## ACTIVITY:
Your copy of the listing must be exact and must hold no images.

## TASK INPUT:
******************************

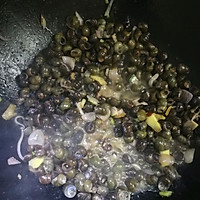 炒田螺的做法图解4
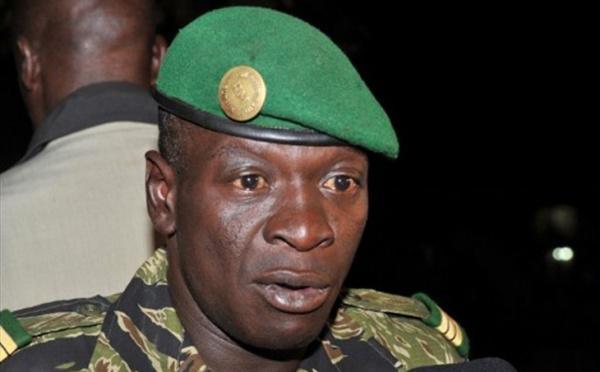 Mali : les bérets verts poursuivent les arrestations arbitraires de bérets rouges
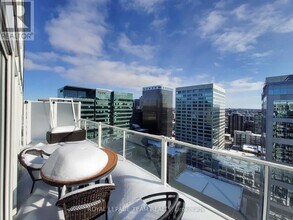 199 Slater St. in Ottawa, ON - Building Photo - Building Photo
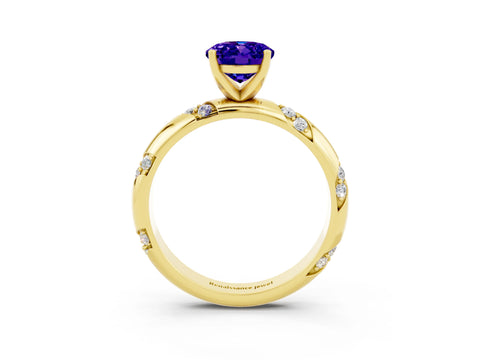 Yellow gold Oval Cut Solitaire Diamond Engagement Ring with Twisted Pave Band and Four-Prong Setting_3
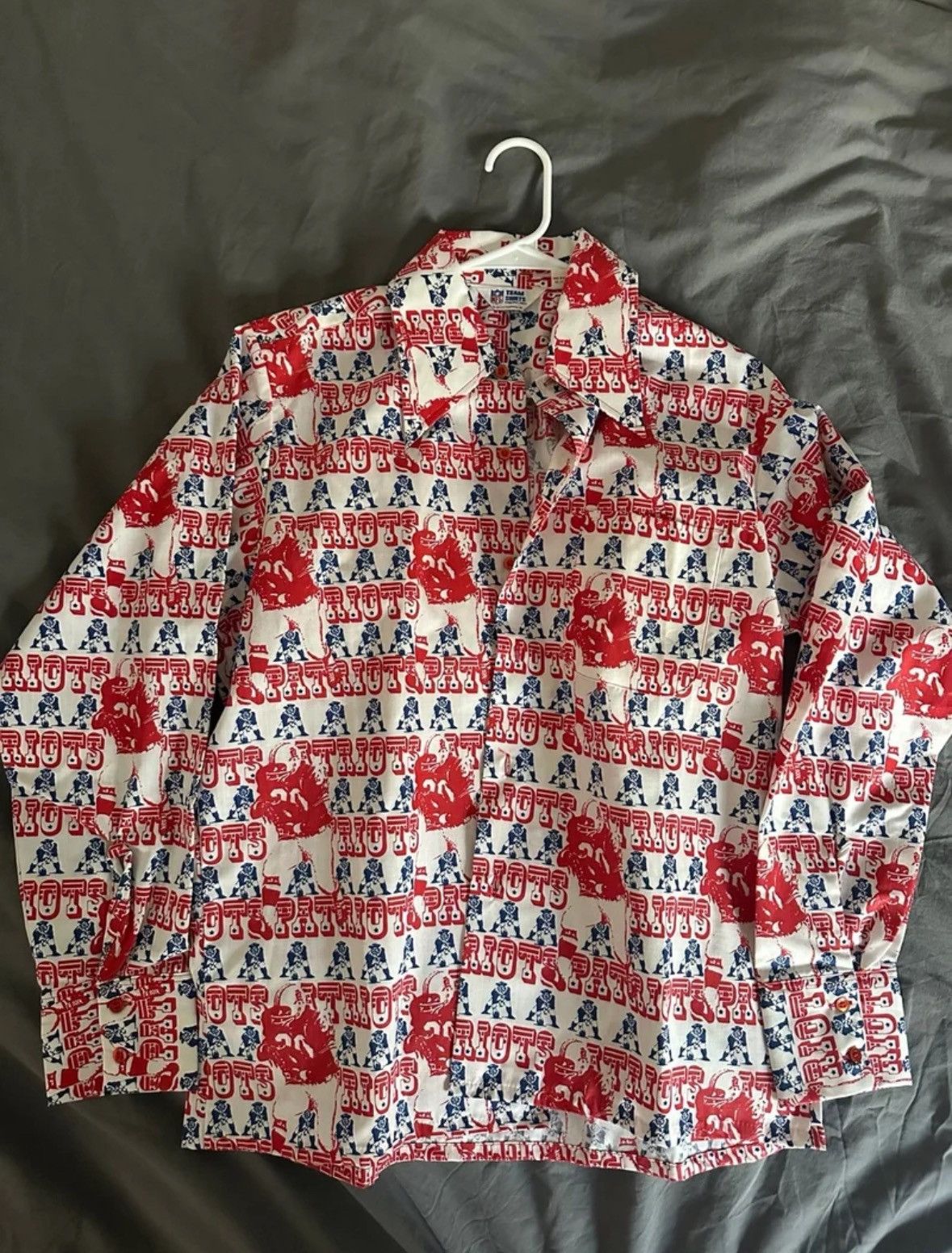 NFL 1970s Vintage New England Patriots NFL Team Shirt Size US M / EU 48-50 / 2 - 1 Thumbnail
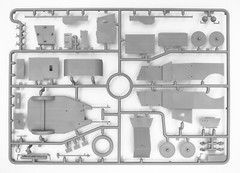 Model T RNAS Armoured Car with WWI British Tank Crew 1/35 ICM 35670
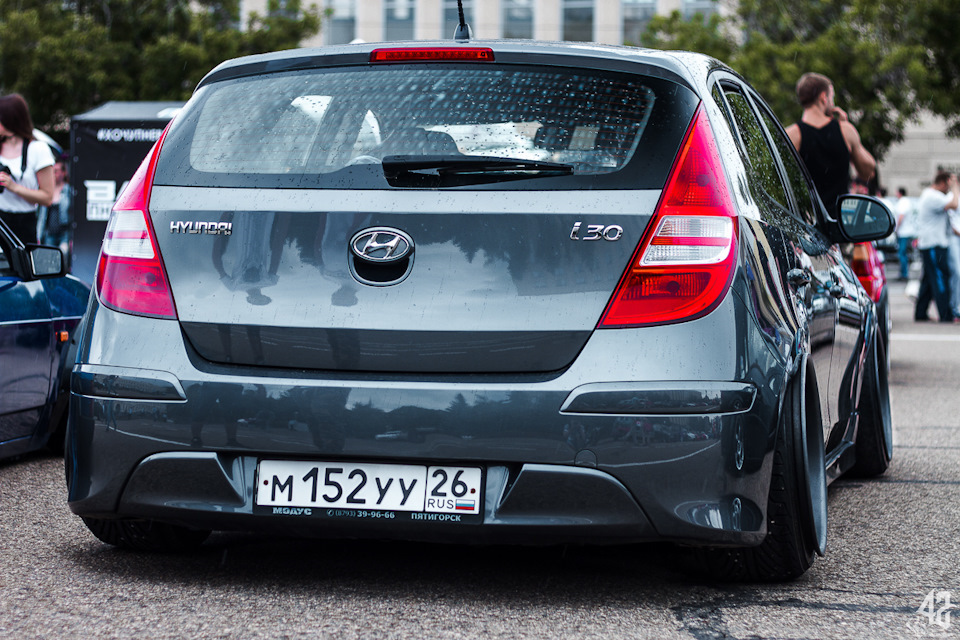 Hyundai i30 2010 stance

******************************

## RESPONSE BELOW:
 炒田螺的做法图解4
 Mali : les bérets verts poursuivent les arrestations arbitraires de bérets rouges
 199 Slater St. in Ottawa, ON - Building Photo - Building Photo
 Yellow gold Oval Cut Solitaire Diamond Engagement Ring with Twisted Pave Band and Four-Prong Setting_3
 NFL 1970s Vintage New England Patriots NFL Team Shirt Size US M / EU 48-50 / 2 - 1 Thumbnail
 Model T RNAS Armoured Car with WWI British Tank Crew 1/35 ICM 35670
 Hyundai i30 2010 stance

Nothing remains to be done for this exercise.